L’affaire de la semaine, c’était le procès, à Laon, de Gérald Descamps, condamné à 20 ans de réclusion pour avoir tué Caroline Pirson, en décembre 2016, à Saint-Quentin. La victime était sourde et muette, l’accusé aussi, tout comme les deux tiers des témoins qui ont défilé à la barre. D’où la présence – exceptionnelle – de quatre interprètes en langue des signes.

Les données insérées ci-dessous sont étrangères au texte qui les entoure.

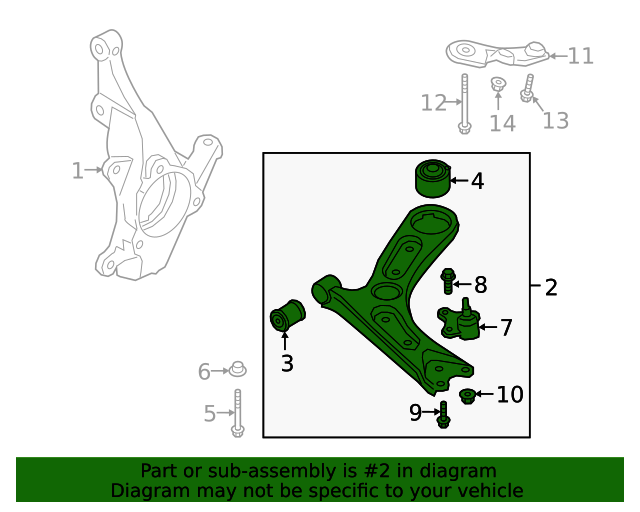 GENUINE Control Arms FRONT LEFT &amp; RIGHT for 2019-2023 Kia Forte 54501F2AA0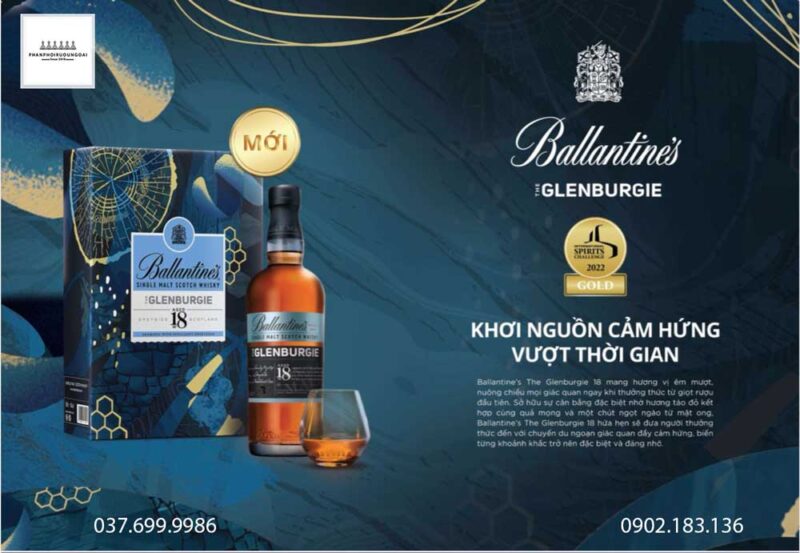 Rượu Ballantine's Glenburgie 18 hộp quà tết 2023 - khơi nguồn cảm hứng vượt thời gian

Par leur biais, on découvre un monde inconnu car silencieux, qui n’est pas situé dans un continent lointain mais au cœur de nos cités. « Sourd-muet, c’est une dénomination impropre. Les sourds peuvent parler, leurs cordes vocales fonctionnent parfaitement. » L’apprentissage n’a rien d’une sinécure. Quand l’enfant commence à articuler « papa » et « maman » à force de l’entendre rabâcher, le sourd ne dispose d’aucun modèle sonore. Par tâtonnements, il découvrira quelle vibration produit quel son. « Le plus fort, c’est que les sourds peuvent avoir un accent : celui de leur orthophoniste », s’amuse une interprète.
Le procès d’assises révèle à quel point les sourds vivent entre eux. Tout le monde connaît tout le monde. La référence à la « communauté » revient en boucle, les intrigues amoureuses se nouent majoritairement entre sourds, qui se connaissent depuis une scolarité dans des écoles spécialisées.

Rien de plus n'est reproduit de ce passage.